*** Block opens ***

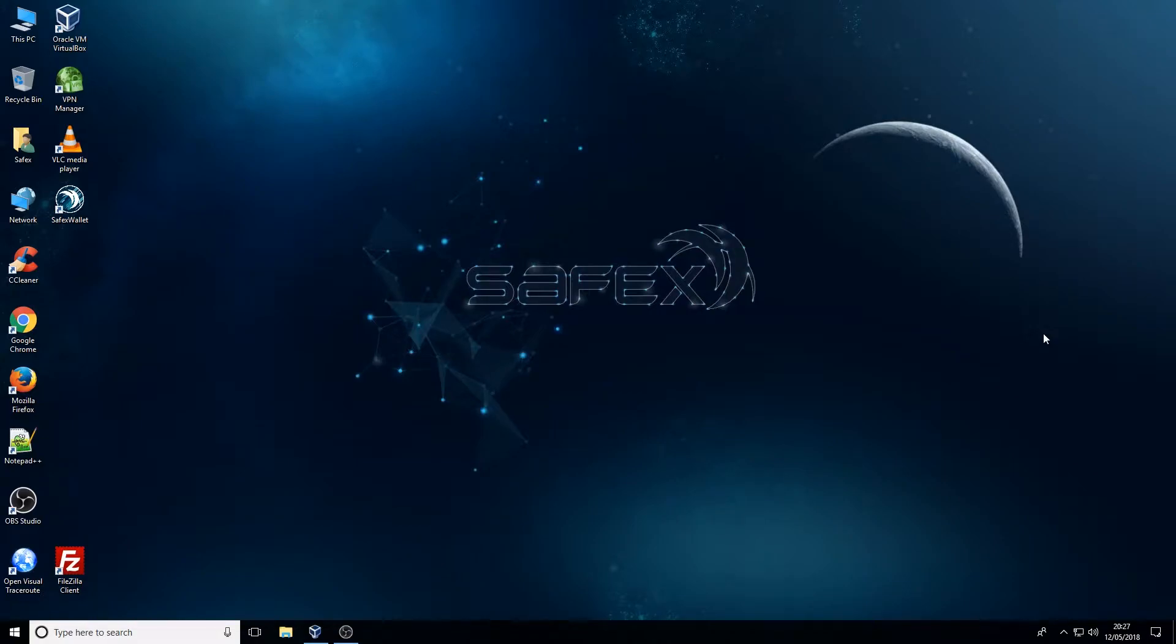Hi there, Richard here from Safex News. If you remember from a previous video we went through the best practices on how to back up and secure your Safex wallets.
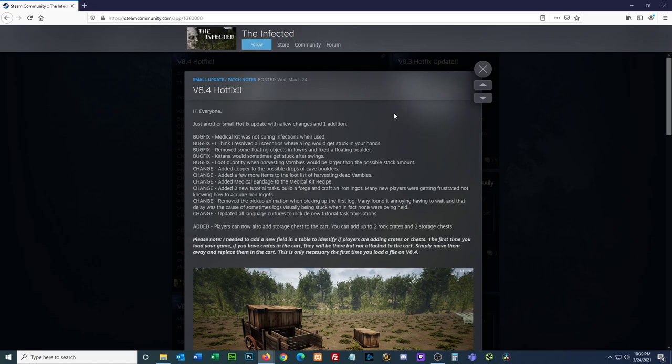Bug fix, loot quantity when harvesting Vambis would be larger than the possible stack amount. Okay. Yeah, I do see ore stacking when it's not supposed to. Added, change. Added copper to the possible drops of cave boulders. Okay, I know that we get iron, but mostly lead out of the cave boulders. I got to go into a small cave.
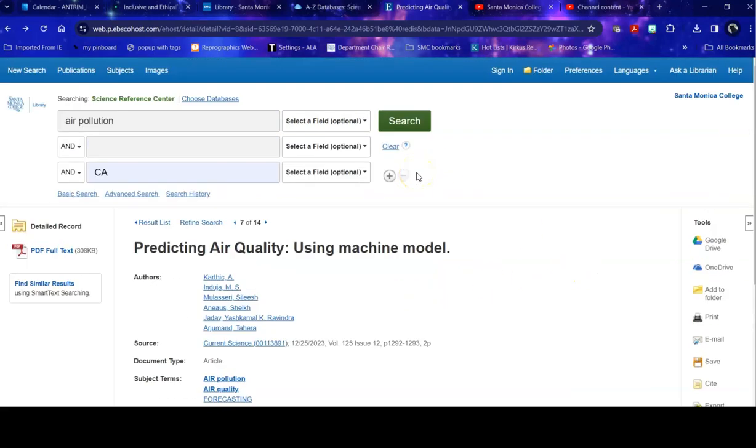So this is one database that can be very useful specifically for subjects that fall under science. Good luck with your research and contact us if you have any questions.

*** Block closes ***

:: PROBLEM ::
A faithful copy is needed: reproduce all of the data above, leaving the pictures out.

:: REPLY TO THE EXERCISE ::
Hi there, Richard here from Safex News. If you remember from a previous video we went through the best practices on how to back up and secure your Safex wallets.
Bug fix, loot quantity when harvesting Vambis would be larger than the possible stack amount. Okay. Yeah, I do see ore stacking when it's not supposed to. Added, change. Added copper to the possible drops of cave boulders. Okay, I know that we get iron, but mostly lead out of the cave boulders. I got to go into a small cave.
So this is one database that can be very useful specifically for subjects that fall under science. Good luck with your research and contact us if you have any questions.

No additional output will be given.